Pope Francis' audience with the Humanitarian Corridors
Daniela Pompei - Community of Sant'Egidio
There are many of us today - mingled between those who have been welcomed and those who have opened their homes and hearts, in this embrace that are the humanitarian corridors. They were born out of the painful memory of deaths at sea, they were born out of weeping and prayer. Prayer and pain have helped us not to accept resignation, indeed to reflect, to struggle and build a path alternative to the barges. Prayer and pain have pushed us, forced us almost, to that creativity of love you Holy Father spoke of so many times.

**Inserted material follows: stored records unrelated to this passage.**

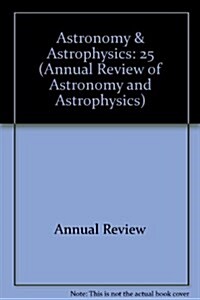 Annual Review of Astronomy and Astrophysics (Hardcover)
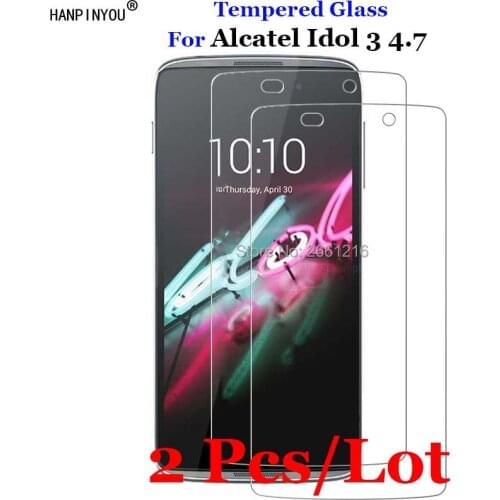 2 Pcs/Lot For Alcatel Idol3 4.7" Tempered Glass 9H 2.5D Premium Screen Protector Film For Alcatel One Touch Idol 3 (4.7) 6039Y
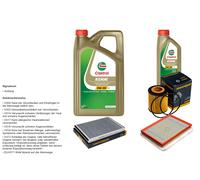 Denckermann Controllo Set 6L castrol edge 5W-30 C3 per Opel Astra H Twintop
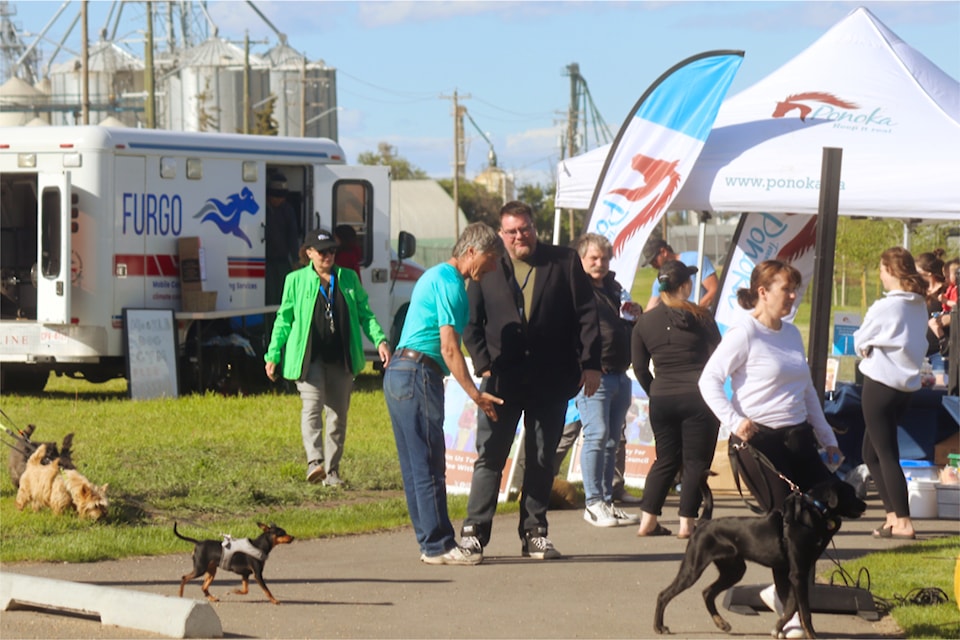 The official grand opening for the new off-leash dog park was held June 5. (Emily Jaycox/Ponoka News)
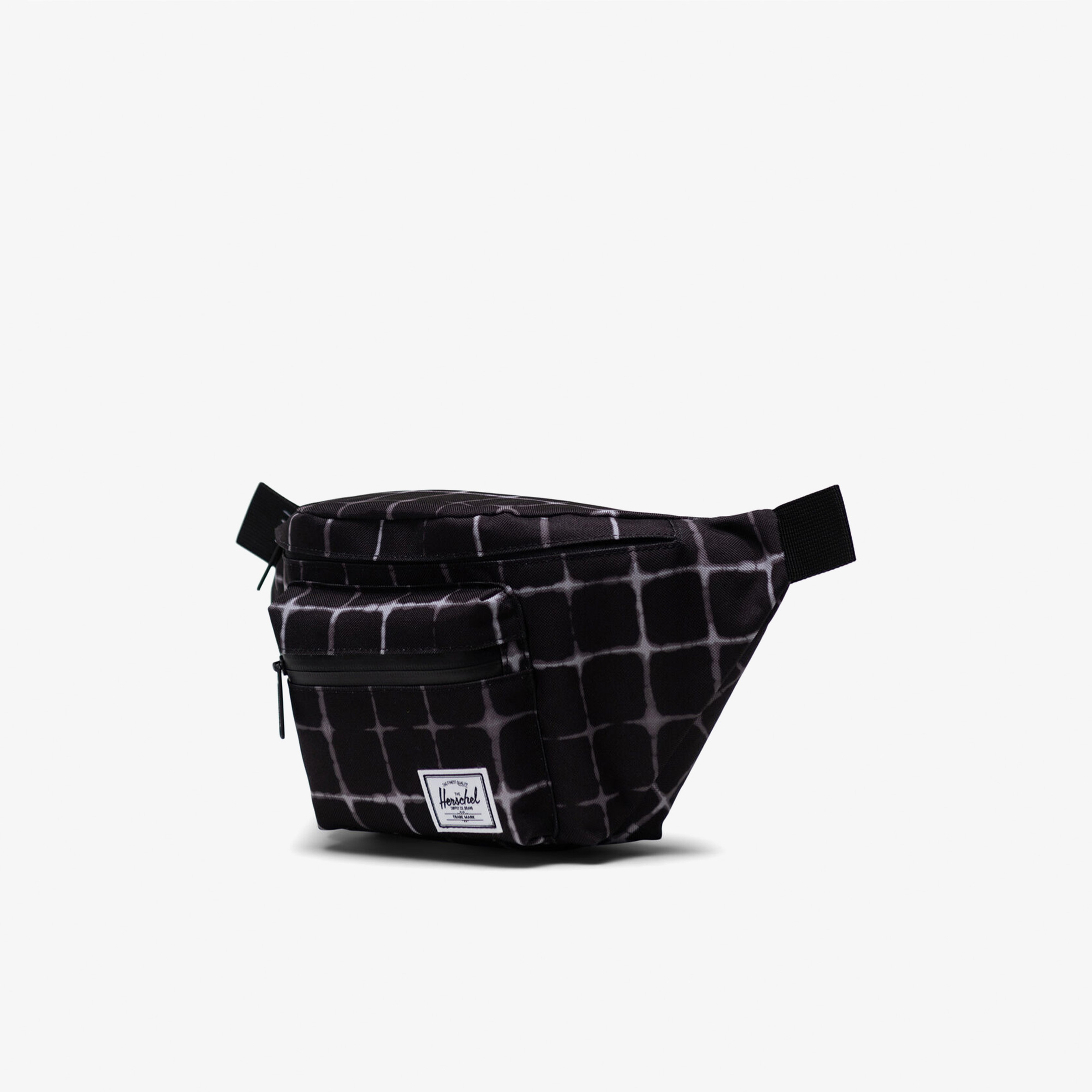 Herschel Seventeen Tie Dye Check Unisex Siyah Bel Çantası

Since 2016, 6080 lives have been saved, arrived in Europe legally, mostly in Italy, but also in France, Belgium and a limited number in the principality of Andorra and San Marino.
A small light in front of the wall of impossibility and the idea that you cannot do anything. Yet this is true for those who have arrived safely, but I am also thinking of the many asylum seekers who contact us from war-torn countries or refugee camps. The Humanitarian Corridors represent hope for them too: an alternative route is possible to the desperate sea voyages. There is a way when you only see walls.
Holy Father, today we can see the future here: a mixed people, of different peoples but building a fraternal and happy future. Fratelli tutti!
Opening a way was the beginning, then the daily challenge is to live together. How many children have been born in these years! How many weddings and furnished houses, reunions, graduation parties. So much life is born again even in the small depopulated municipalities. Problems too of course, but so much life!
Welcoming people has triggered a movement of integration and peace. Many here could tell their story. Parishes, associations, municipalities, religious congregations, families, so many people who have felt the responsibility to welcome. And those who were welcomed yesterday are today in the front line to welcome those who arrive.
'Together' is a crucial word in the humanitarian corridors. Welcoming cannot be done alone. It is necessary to be 'together' to welcome. We felt more community: this was an unexpected gift of welcoming. You welcome a family fleeing war and, as you take in those seeking shelter, you discover a community of people who help each other, struggle and hope with you.
Lebanon, Ethiopia, Libya, Pakistan, Iran, Niger, Greece and Cyprus, and in a different way Ukraine, are the outposts of the eight humanitarian corridors where the safe route to Europe begins. Afghans, Syrians, Eritreans, Congolese, Nigerians, Cameroonians, Sudanese, Somalis, Yemenis, Iraqis, Palestinians, Guineans, Togolese and most recently the Ukrainians, mostly women and children, have arrived.
We know each other now, yet this story of love and friendship began earlier. It was born when we went searching in the hell of refugee camps for people we did not know but already felt were our brothers and sisters. Need is great, so many, too many, continue to die. Continue to support us Holy Father, bless us, may we never become deaf to the cry that rises from so many places of pain. We feel the responsibility and the urgency, we must do more and we must hurry.